(RECORDS SUPPLIED)

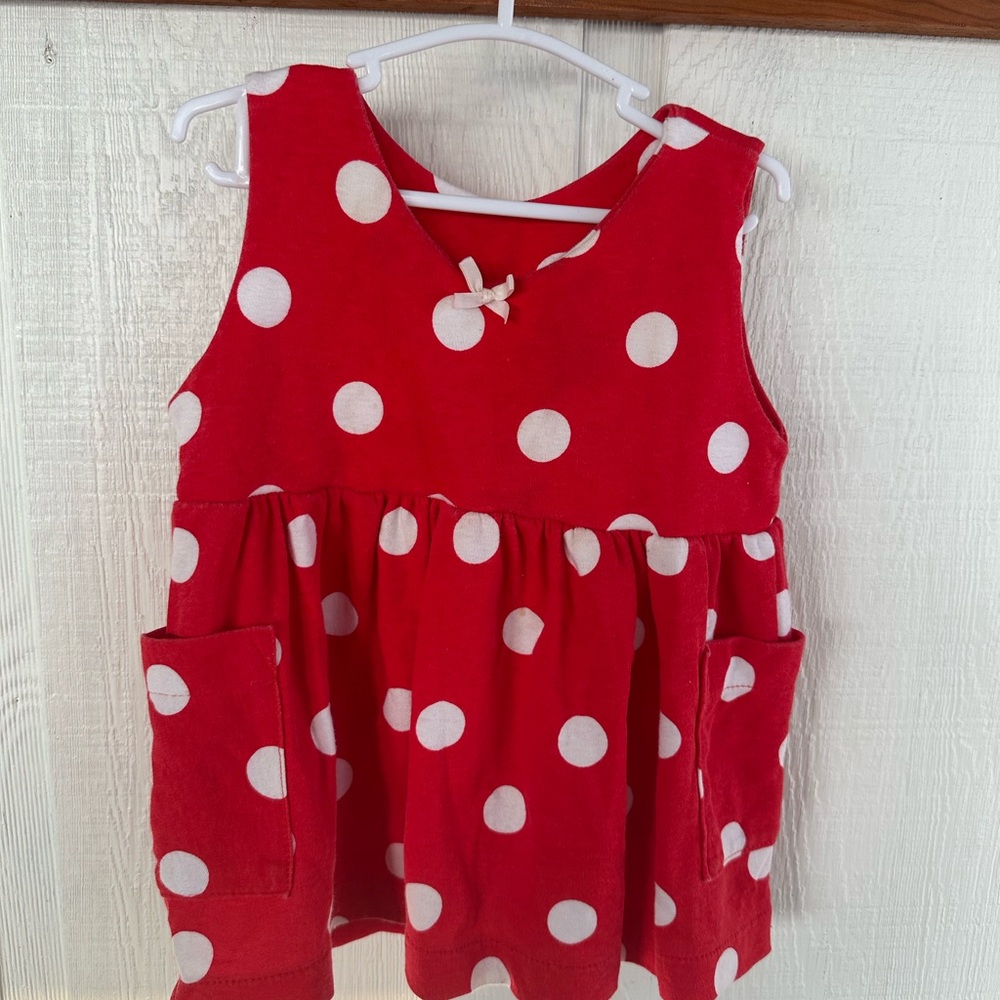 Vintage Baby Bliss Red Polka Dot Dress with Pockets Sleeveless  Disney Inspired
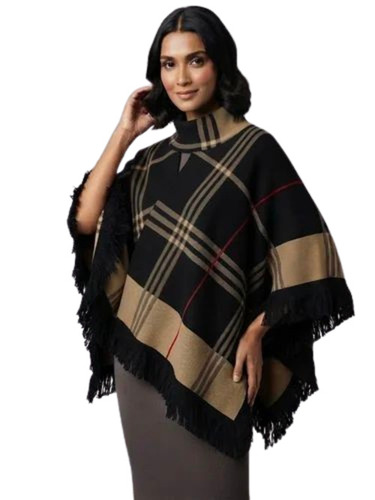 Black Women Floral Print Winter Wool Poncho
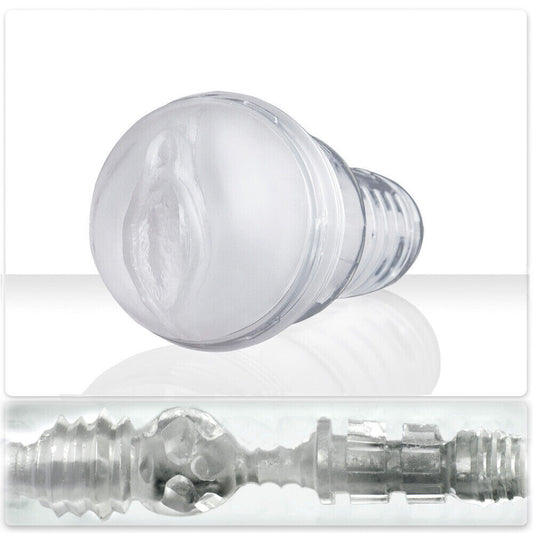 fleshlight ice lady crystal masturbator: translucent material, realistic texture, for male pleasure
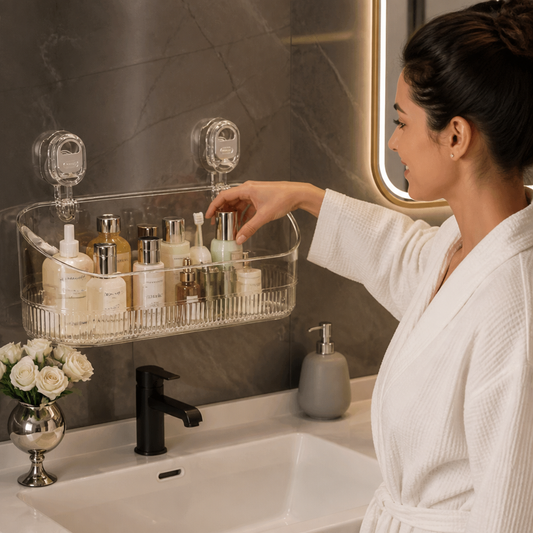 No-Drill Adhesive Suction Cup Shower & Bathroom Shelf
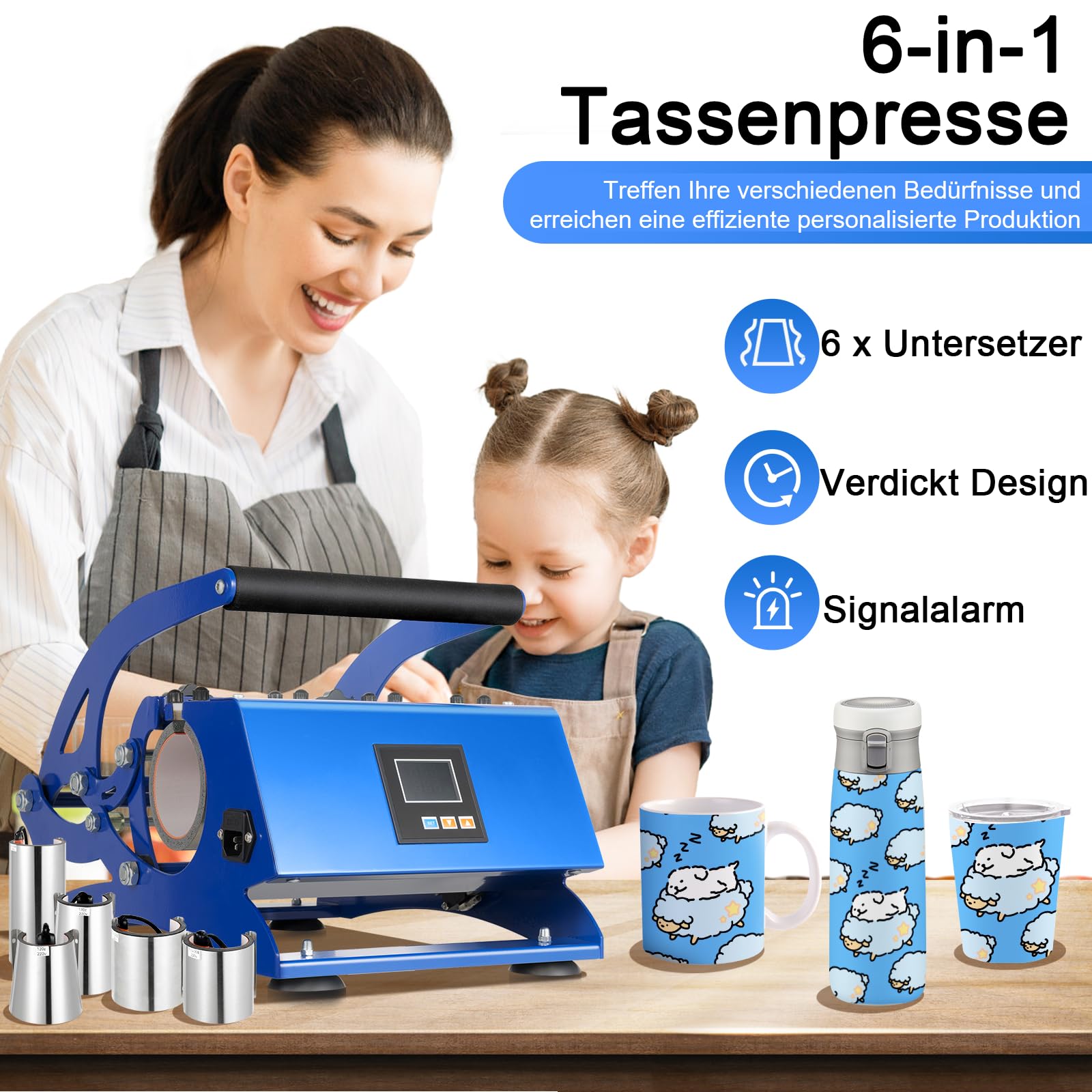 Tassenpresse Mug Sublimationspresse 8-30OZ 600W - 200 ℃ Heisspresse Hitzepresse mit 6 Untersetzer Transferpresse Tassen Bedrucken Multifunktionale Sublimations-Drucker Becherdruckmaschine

(End RECORDS SUPPLIED)

## PROBLEM STATEMENT
Give back the lines from the one containing "fleshlight ice lady" through the last line of the records above exactly as they appear, both included, and no pictures.

## WRITTEN RESPONSE
 fleshlight ice lady crystal masturbator: translucent material, realistic texture, for male pleasure
 No-Drill Adhesive Suction Cup Shower & Bathroom Shelf
 Tassenpresse Mug Sublimationspresse 8-30OZ 600W - 200 ℃ Heisspresse Hitzepresse mit 6 Untersetzer Transferpresse Tassen Bedrucken Multifunktionale Sublimations-Drucker Becherdruckmaschine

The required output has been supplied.